• Gio Vazquez Luna

De lo poco que conozco de la muerte y la vida



I.

La muerte nos poseía en un violento vino de vivencias perdidas (no vividas), arrepentidas por no vivirse. Nos poseía hasta antes de nacer y nunca nos quejamos, comenzamos con ello el día que nacimos. Yo lloré. Tú lloraste.

Nos poseía por las tardes a ti y a mí, cuando el amor nos arrinconaba con el aburrimiento de estar solitarios en una casa solitaria, en donde no acababa el silencio y terminaba con nosotros aullándonos al oído.

La muerte nos poseía en transiciones cortas por una autopista a ciento ochenta kilómetros por hora, de Veracruz a Puebla pasando las Cumbres de Maltrata. Me poseía con fuerza para que nos fuéramos por un voladero.

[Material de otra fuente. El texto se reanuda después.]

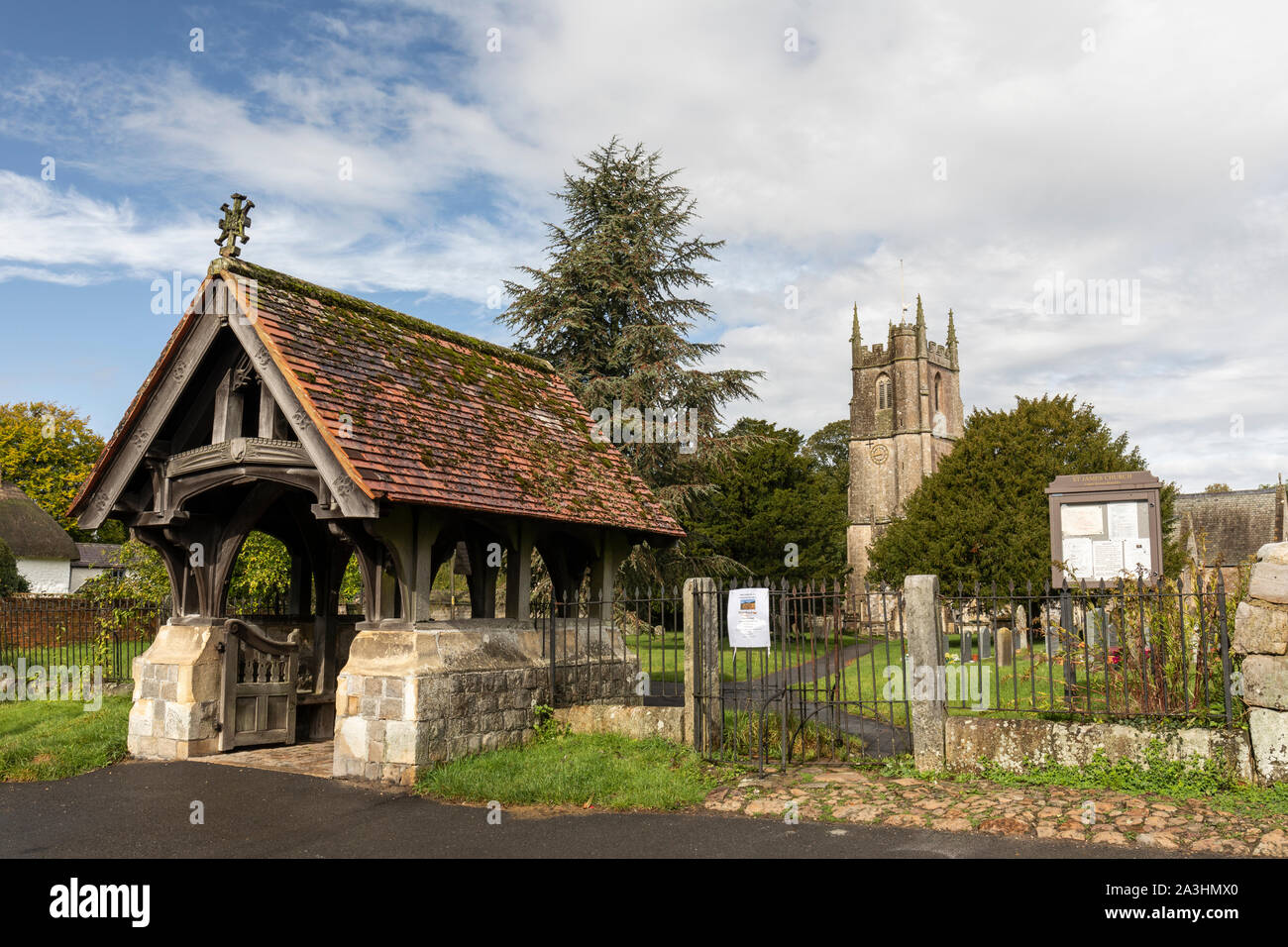 St James' Church and the lychgate which was erected in memory of Hannah Price and is a Grade II Listed Building, Avebury, Wiltshire, England, UK Stock Photo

La muerte me poseía cuando era feliz contigo.

La muerte nos poseía cuando me besabas.

La muerte te poseía cuando te besaba y tú callabas.

Nos poseía en una bandada de furias infernales conjurándose en un tornado ignífero de paredes en lava y de pensamientos agónicos sumidos en tristezas y desesperanzas ajenas.

La muerte nos poseía a las cinco de la tarde de todos los días con los decaídos rayos del sol, como lágrimas escurriéndose por última vez en nuestra existencia.


II.

La muerte nos poseía cuando nos burlábamos del SIDA de otros, y nos escupió directamente en el ano cuando fuimos positivos. Cuando todos teníamos VIH y nos mirábamos inocentes haciendo fila con máscaras ajenas. Cuando me entregué a la muerte y me di cuenta que aún vivía. Cuando tu no me esperaste y te fuiste con esa perra bastarda. Cuando dejamos de burlarnos de ella, vimos que era serio y que no era de putos ni de putas. Cuando te cambiaste el nombre y la gente se apartaba. Cuando hablaban de nuestra condición de nacimiento y no de nuestra condición de vida. Cuando nos fuimos deteriorando el uno y el otro. Cuando se acabó mi amor. Cuando comenzó tu dolor (y el mío). Cuando la sangre de nuestros labios dejó de ser rabia y cólera. Cuando los taladros comenzaron a hacer agujeros en nuestras paredes y esas paredes dejaron pasar el frío. Cuando ya no es cuándo, sino dónde y el dónde es aquí. Y aquí no estoy (ni tú).


III.


La muerte nos poseía con la fuerza de miradas desconfiadas por la calle, incluso de miradas en nuestra casa.



La muerte me posee porque sigo creyendo en el amor (en el tuyo y el mío), pero encima cae el peso inseguro de tu cuerpo y de tu tibieza al besarme.




La muerte nos ha poseído desde que nacimos, al ver que la hemos traicionado.





La muerte se posee así misma en acto y compresión disimulada de paciencia porque sabe que retornaremos a su imagen, a su idea, así misma, en algún momento, en alguna tarde, en alguna banca, en algún hospital, algún año, algún mes, algún día y tal vez sea hoy.


 

Gio Vazquez Luna


Es creador artístico dentro de las artes escénicas y literarias. En el estado de Tabasco ha participado en obras teatrales independientes como La Trampa (2019), El Jardín de los silencios (2017), Pobres almas en desgracia (2019), El hombre Jaguar (2019). En el 2020 participó en la creación de 15 obras inéditas con temáticas de género para conformar el programa de obras de PAIMEF a cargo del Instituto Estatal de la Mujer.

En el trabajo con títeres destaca como participante del taller de elaboración de títeres en el IV Festival de Títeres y Teatro para niños en 2016, seleccionado en el programa Arte en Movimiento en la categoría de títeres en 2020. Actualmente se dedica a la creación dramatúrgica independiente con enfoque a títeres y es beneficiario de PECDA Tabasco 2020-2021.